**Work instructions**
Could you return the listing below exactly, with every line intact?
---- Records for processing
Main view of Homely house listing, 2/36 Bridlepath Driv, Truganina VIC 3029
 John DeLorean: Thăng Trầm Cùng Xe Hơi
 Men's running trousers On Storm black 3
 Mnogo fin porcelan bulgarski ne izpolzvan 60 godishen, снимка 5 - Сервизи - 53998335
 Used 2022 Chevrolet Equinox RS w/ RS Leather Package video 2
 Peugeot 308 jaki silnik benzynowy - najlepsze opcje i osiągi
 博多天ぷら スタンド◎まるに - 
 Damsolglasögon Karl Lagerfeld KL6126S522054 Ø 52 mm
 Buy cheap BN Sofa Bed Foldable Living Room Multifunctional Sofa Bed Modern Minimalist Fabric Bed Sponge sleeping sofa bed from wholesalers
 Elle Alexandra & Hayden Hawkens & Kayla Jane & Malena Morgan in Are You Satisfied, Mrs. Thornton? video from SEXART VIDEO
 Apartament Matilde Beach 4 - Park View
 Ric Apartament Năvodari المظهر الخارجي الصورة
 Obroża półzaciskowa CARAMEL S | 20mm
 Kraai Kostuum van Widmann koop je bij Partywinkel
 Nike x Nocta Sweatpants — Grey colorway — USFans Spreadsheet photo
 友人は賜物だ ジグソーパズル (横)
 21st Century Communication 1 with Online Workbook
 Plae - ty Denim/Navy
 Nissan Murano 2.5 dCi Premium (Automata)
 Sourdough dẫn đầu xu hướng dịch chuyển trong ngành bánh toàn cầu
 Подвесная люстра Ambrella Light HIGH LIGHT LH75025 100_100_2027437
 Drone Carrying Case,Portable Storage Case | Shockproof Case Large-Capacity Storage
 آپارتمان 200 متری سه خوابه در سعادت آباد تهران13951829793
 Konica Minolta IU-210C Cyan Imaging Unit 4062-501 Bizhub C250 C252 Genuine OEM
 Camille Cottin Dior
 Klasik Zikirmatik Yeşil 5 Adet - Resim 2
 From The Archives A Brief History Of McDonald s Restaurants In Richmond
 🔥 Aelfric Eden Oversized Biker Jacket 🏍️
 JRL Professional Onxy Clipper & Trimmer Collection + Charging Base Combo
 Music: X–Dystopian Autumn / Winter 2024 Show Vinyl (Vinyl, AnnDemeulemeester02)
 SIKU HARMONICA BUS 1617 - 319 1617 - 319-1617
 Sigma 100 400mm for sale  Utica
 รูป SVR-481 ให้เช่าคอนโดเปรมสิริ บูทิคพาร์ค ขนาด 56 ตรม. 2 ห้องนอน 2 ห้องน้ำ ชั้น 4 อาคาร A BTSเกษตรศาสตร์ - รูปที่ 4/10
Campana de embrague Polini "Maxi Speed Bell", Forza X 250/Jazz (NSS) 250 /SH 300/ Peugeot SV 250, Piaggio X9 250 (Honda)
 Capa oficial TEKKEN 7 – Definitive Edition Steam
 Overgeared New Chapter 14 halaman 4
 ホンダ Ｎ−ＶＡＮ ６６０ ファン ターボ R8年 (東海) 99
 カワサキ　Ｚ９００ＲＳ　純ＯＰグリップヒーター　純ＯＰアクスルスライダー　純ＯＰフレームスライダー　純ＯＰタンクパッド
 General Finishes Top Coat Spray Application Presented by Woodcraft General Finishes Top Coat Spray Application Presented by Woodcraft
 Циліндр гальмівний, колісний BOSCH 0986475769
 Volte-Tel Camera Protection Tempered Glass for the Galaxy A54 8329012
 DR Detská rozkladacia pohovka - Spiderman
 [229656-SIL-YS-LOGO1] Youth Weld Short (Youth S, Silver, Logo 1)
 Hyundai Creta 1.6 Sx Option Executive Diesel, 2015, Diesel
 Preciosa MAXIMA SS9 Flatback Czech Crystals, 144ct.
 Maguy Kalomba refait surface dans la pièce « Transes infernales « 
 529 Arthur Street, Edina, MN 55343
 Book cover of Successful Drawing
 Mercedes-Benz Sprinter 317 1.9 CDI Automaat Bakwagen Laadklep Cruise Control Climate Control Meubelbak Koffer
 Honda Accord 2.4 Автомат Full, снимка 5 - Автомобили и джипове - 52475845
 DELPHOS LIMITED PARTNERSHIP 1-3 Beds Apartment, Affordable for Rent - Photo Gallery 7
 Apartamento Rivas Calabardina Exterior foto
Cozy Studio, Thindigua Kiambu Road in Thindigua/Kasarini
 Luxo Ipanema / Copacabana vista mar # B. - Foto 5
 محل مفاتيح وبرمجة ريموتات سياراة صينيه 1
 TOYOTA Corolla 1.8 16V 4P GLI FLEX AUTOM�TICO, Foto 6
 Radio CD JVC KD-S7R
--------
**Answer below**
Main view of Homely house listing, 2/36 Bridlepath Driv, Truganina VIC 3029
 John DeLorean: Thăng Trầm Cùng Xe Hơi
 Men's running trousers On Storm black 3
 Mnogo fin porcelan bulgarski ne izpolzvan 60 godishen, снимка 5 - Сервизи - 53998335
 Used 2022 Chevrolet Equinox RS w/ RS Leather Package video 2
 Peugeot 308 jaki silnik benzynowy - najlepsze opcje i osiągi
 博多天ぷら スタンド◎まるに - 
 Damsolglasögon Karl Lagerfeld KL6126S522054 Ø 52 mm
 Buy cheap BN Sofa Bed Foldable Living Room Multifunctional Sofa Bed Modern Minimalist Fabric Bed Sponge sleeping sofa bed from wholesalers
 Elle Alexandra & Hayden Hawkens & Kayla Jane & Malena Morgan in Are You Satisfied, Mrs. Thornton? video from SEXART VIDEO
 Apartament Matilde Beach 4 - Park View
 Ric Apartament Năvodari المظهر الخارجي الصورة
 Obroża półzaciskowa CARAMEL S | 20mm
 Kraai Kostuum van Widmann koop je bij Partywinkel
 Nike x Nocta Sweatpants — Grey colorway — USFans Spreadsheet photo
 友人は賜物だ ジグソーパズル (横)
 21st Century Communication 1 with Online Workbook
 Plae - ty Denim/Navy
 Nissan Murano 2.5 dCi Premium (Automata)
 Sourdough dẫn đầu xu hướng dịch chuyển trong ngành bánh toàn cầu
 Подвесная люстра Ambrella Light HIGH LIGHT LH75025 100_100_2027437
 Drone Carrying Case,Portable Storage Case | Shockproof Case Large-Capacity Storage
 آپارتمان 200 متری سه خوابه در سعادت آباد تهران13951829793
 Konica Minolta IU-210C Cyan Imaging Unit 4062-501 Bizhub C250 C252 Genuine OEM
 Camille Cottin Dior
 Klasik Zikirmatik Yeşil 5 Adet - Resim 2
 From The Archives A Brief History Of McDonald s Restaurants In Richmond
 🔥 Aelfric Eden Oversized Biker Jacket 🏍️
 JRL Professional Onxy Clipper & Trimmer Collection + Charging Base Combo
 Music: X–Dystopian Autumn / Winter 2024 Show Vinyl (Vinyl, AnnDemeulemeester02)
 SIKU HARMONICA BUS 1617 - 319 1617 - 319-1617
 Sigma 100 400mm for sale  Utica
 รูป SVR-481 ให้เช่าคอนโดเปรมสิริ บูทิคพาร์ค ขนาด 56 ตรม. 2 ห้องนอน 2 ห้องน้ำ ชั้น 4 อาคาร A BTSเกษตรศาสตร์ - รูปที่ 4/10
Campana de embrague Polini "Maxi Speed Bell", Forza X 250/Jazz (NSS) 250 /SH 300/ Peugeot SV 250, Piaggio X9 250 (Honda)
 Capa oficial TEKKEN 7 – Definitive Edition Steam
 Overgeared New Chapter 14 halaman 4
 ホンダ Ｎ−ＶＡＮ ６６０ ファン ターボ R8年 (東海) 99
 カワサキ　Ｚ９００ＲＳ　純ＯＰグリップヒーター　純ＯＰアクスルスライダー　純ＯＰフレームスライダー　純ＯＰタンクパッド
 General Finishes Top Coat Spray Application Presented by Woodcraft General Finishes Top Coat Spray Application Presented by Woodcraft
 Циліндр гальмівний, колісний BOSCH 0986475769
 Volte-Tel Camera Protection Tempered Glass for the Galaxy A54 8329012
 DR Detská rozkladacia pohovka - Spiderman
 [229656-SIL-YS-LOGO1] Youth Weld Short (Youth S, Silver, Logo 1)
 Hyundai Creta 1.6 Sx Option Executive Diesel, 2015, Diesel
 Preciosa MAXIMA SS9 Flatback Czech Crystals, 144ct.
 Maguy Kalomba refait surface dans la pièce « Transes infernales « 
 529 Arthur Street, Edina, MN 55343
 Book cover of Successful Drawing
 Mercedes-Benz Sprinter 317 1.9 CDI Automaat Bakwagen Laadklep Cruise Control Climate Control Meubelbak Koffer
 Honda Accord 2.4 Автомат Full, снимка 5 - Автомобили и джипове - 52475845
 DELPHOS LIMITED PARTNERSHIP 1-3 Beds Apartment, Affordable for Rent - Photo Gallery 7
 Apartamento Rivas Calabardina Exterior foto
Cozy Studio, Thindigua Kiambu Road in Thindigua/Kasarini
 Luxo Ipanema / Copacabana vista mar # B. - Foto 5
 محل مفاتيح وبرمجة ريموتات سياراة صينيه 1
 TOYOTA Corolla 1.8 16V 4P GLI FLEX AUTOM�TICO, Foto 6
 Radio CD JVC KD-S7R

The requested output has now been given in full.